*Excerpted records:*
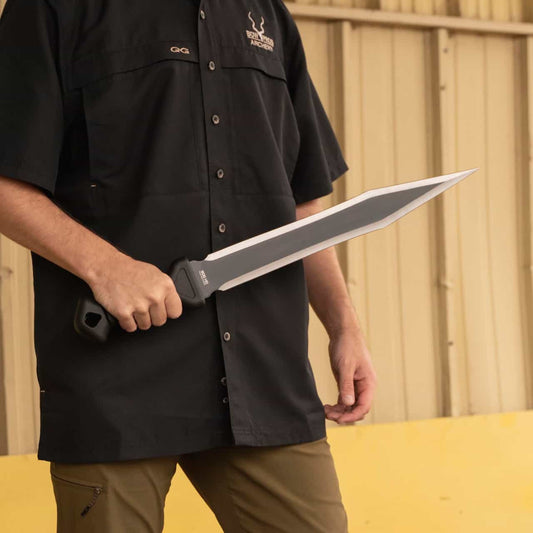 SOG Phantom Strike I Machete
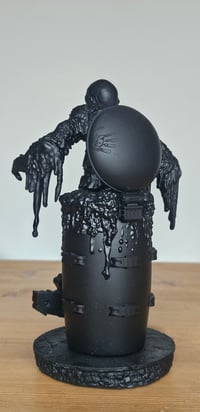 Image 2 of Tarman statue - Return of the living dead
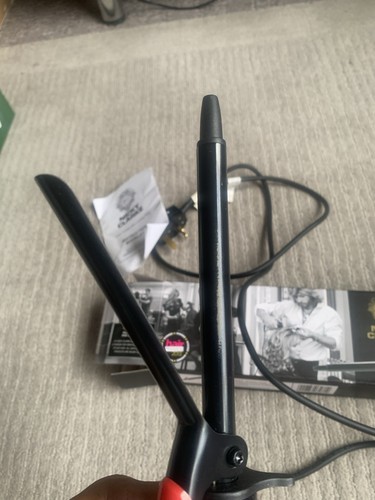 Nicky clarke slim barrel - nicky,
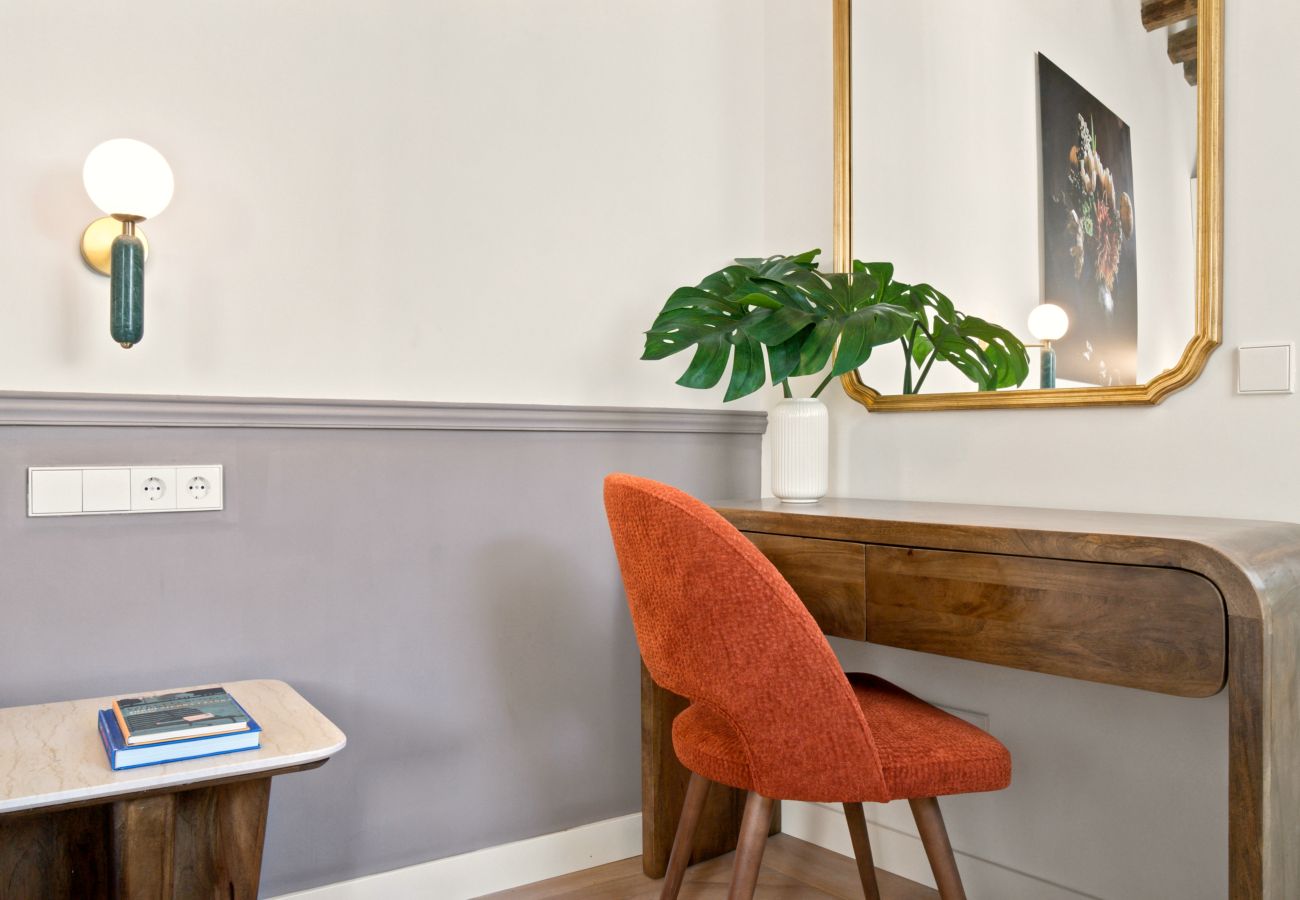 Apartamento en Madrid - Apartamento Travesia Madrid XIV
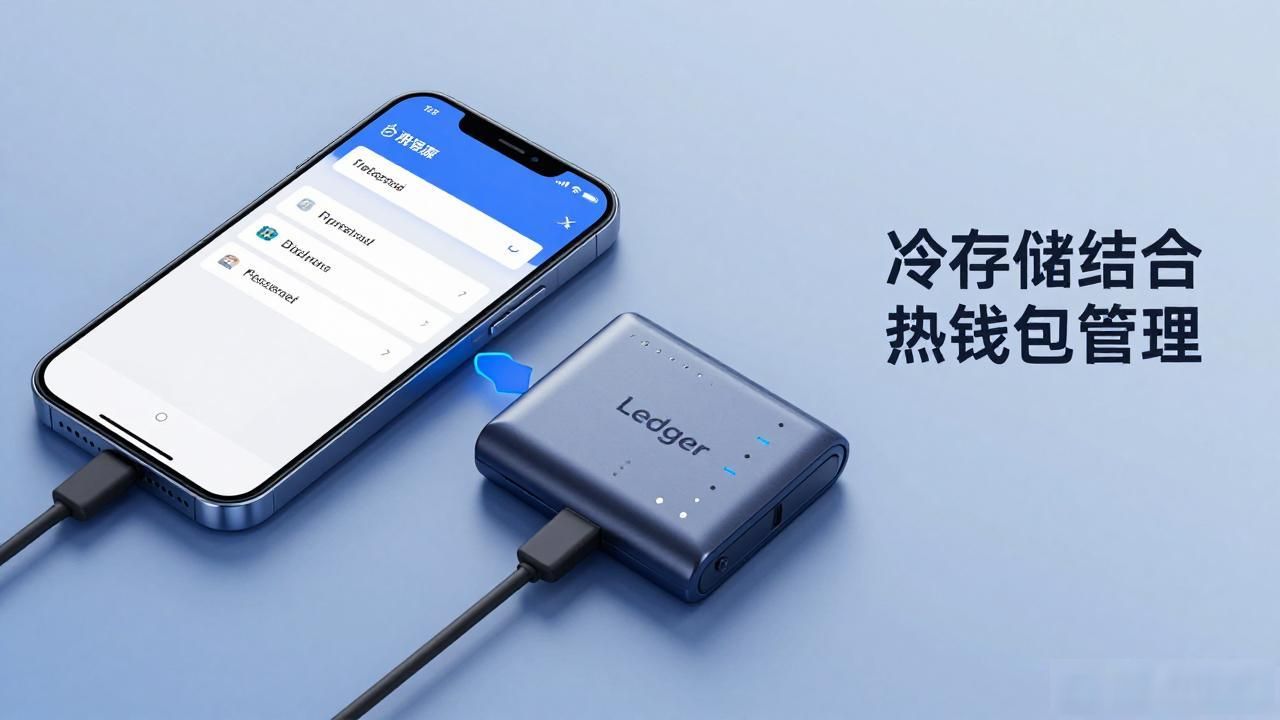 比特派钱包怎么安全导入助记词？新手必看指南
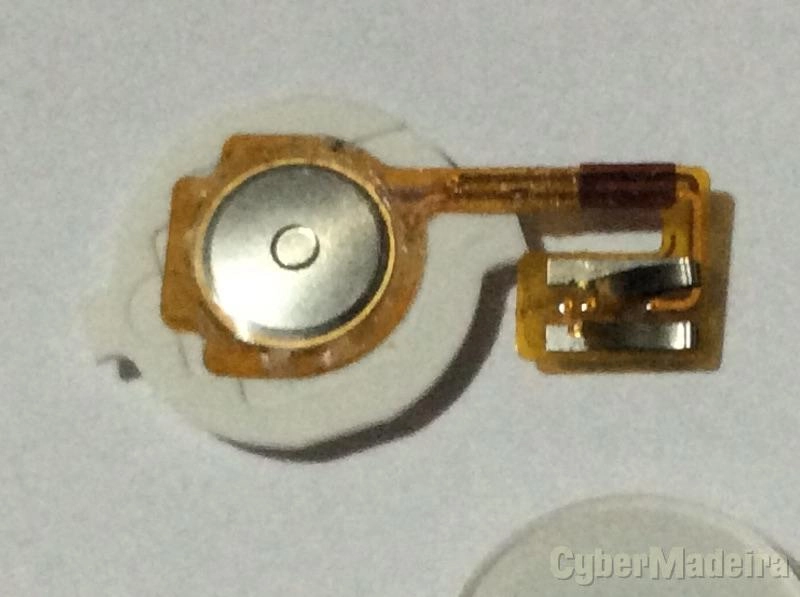 Botao Home + flex iPhone 3 e 3GS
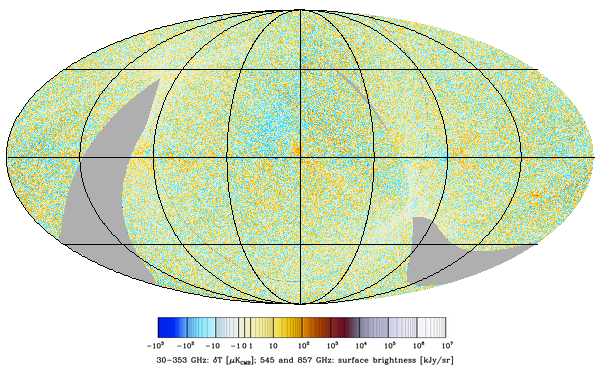 HFI_SkyMap_143_2048_R2.02_survey-4_U_STOKES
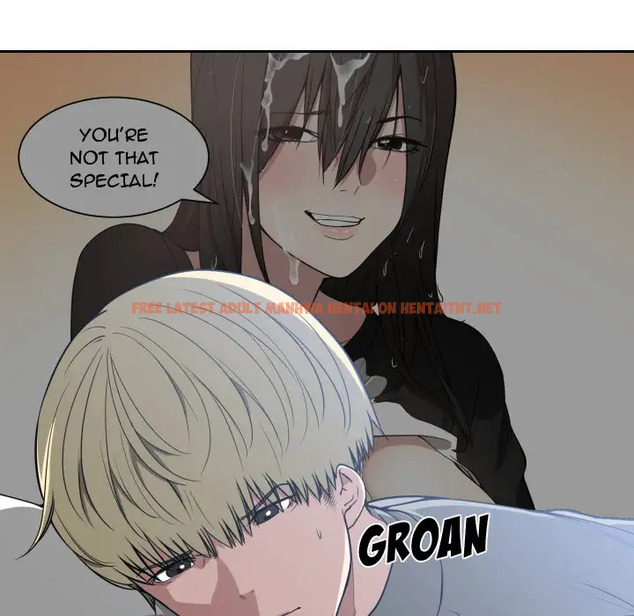 Read Hentai Image 7 305 in comic You’re Not That Special! - Chapter 2 - hentaitnt.net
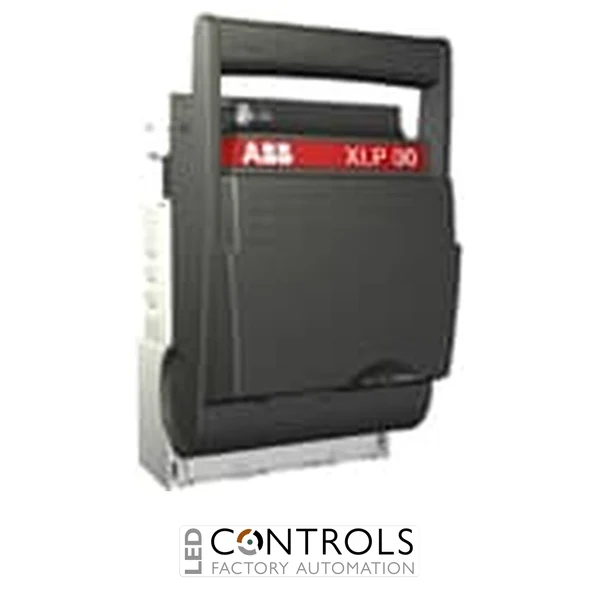 XLP00-EFM-6BC  Fuse Switch Disconnector
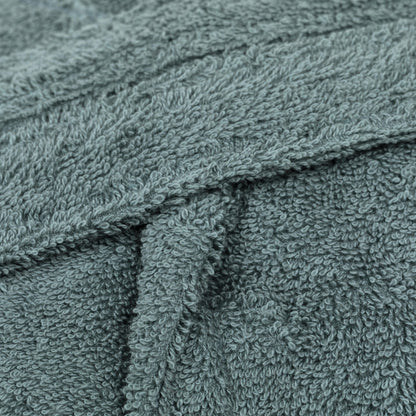 ACCAPPATOIO CON CAPPUCCIO 450 GR. TINTA UNITA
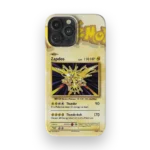 zapdos base set slim iphone 17 pro max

*Exercise description:* Transcribe exactly, and only, the lines from the line with "Botao Home + flex iPhone 3 e 3GS" through the last line of the records, inclusive; the pictures do not belong in the copy.

*Answer area:*
 Botao Home + flex iPhone 3 e 3GS
 HFI_SkyMap_143_2048_R2.02_survey-4_U_STOKES
 Read Hentai Image 7 305 in comic You’re Not That Special! - Chapter 2 - hentaitnt.net
 XLP00-EFM-6BC  Fuse Switch Disconnector
 ACCAPPATOIO CON CAPPUCCIO 450 GR. TINTA UNITA
 zapdos base set slim iphone 17 pro max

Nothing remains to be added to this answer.